Location
- 515 Lions Road Sandwich, Illinois 60548 United States
- Coordinates: 41°38′23″N 88°36′54″W﻿ / ﻿41.63972°N 88.61500°W

Information
- School type: Public secondary
- Opened: 1855
- School district: Sandwich Community Unit School District 430
- Superintendent: Tom Sodaro
- CEEB code: 143830
- NCES School ID: 173537003693
- Principal: Shane Darnell
- Teaching staff: 44.51 (FTE)
- Grades: 9–12
- Gender: Coed
- Enrollment: 549 (2023–2024)
- Average class size: 18.2
- Student to teacher ratio: 12.33
- Campus: Suburban
- Colours: black orange
- Athletics conference: Kishwaukee River Conference
- Nickname: Indians/Lady Indians
- Yearbook: Reflector
- Communities served: Sandwich, Somonauk, Lake Holiday, Sheridan, Plano, Millington, Newark
- Website: shs.sandwich430.org

= Sandwich Community High School =

Sandwich Community High School is a public four-year secondary education school located in Sandwich, Illinois, about 60 miles from Chicago.

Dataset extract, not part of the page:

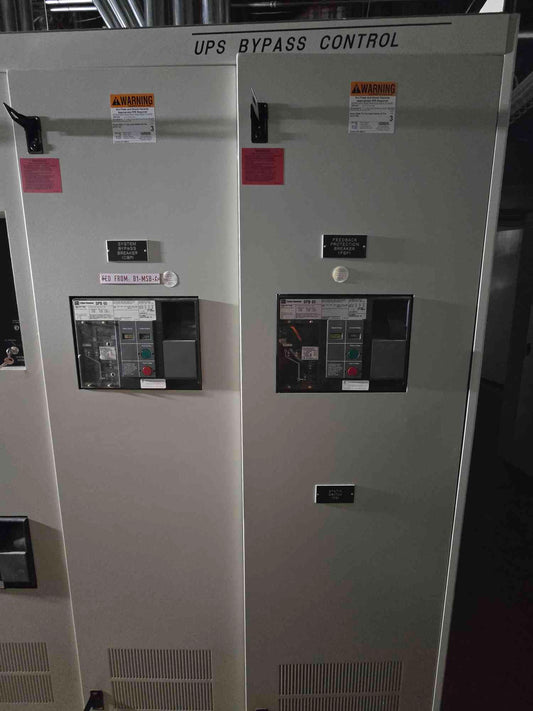 2000A Powerware 480V UPS Bypass Control 3 Section SPB Cutler Hammer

The high school is part of Sandwich Community Unit School District 430. The school is a member of the Kishwaukee River Conference, and the school participates in Baseball, Softball, Volleyball, Cross Country, Soccer, Golf, Boys/Girls Basketball, Wrestling, Boys/Girls Track & Field, Fishing, Swimming and Diving, Doing It, Scholastic Bowl, and all music-related competitions. The high school is currently a Class 3A school in Football, while competing as Class 2A school in other events due to its enrollment size.

==History==

The school was initially held at Herman E. Dummer School, which at that time served as the high school until the class sizes grew too big for the school. The new high school was opened in 1967, and the facility on Lions Road is still used to this day for the high school. With the help of a few referendums, the school has added on and grown a few times since the initial construction, with the last phase of addition having been in the summer of 2007 with the addition of two portable classrooms onto the site to allow for more classes to be held. The school district currently has purchased land near the intersection of E. Lions Road and N. Millington Road, with the intent to build a new high school, but when that will be is still undetermined.

==Athletics==
As of the 2025-2026 school year, Sandwich competes as part of the Kishwaukee River Conference, which it officially joined in 2023. Previously it was a member of the Interstate Eight Conference having been a member since 1979, and before that, Sandwich was part of the Little Ten Conference, of which it was one of the schools included during the conference's creation. Sandwich had received regular-season basketball championships in the conference in 1920, 1927, and 1937. Sandwich won four state titles for wrestling in 1991, 1997, 1999, and 2001. The Cross Country and Track & Field programs at the school are normally perennial qualifiers for postseason competition, but as of this time, there is no state title.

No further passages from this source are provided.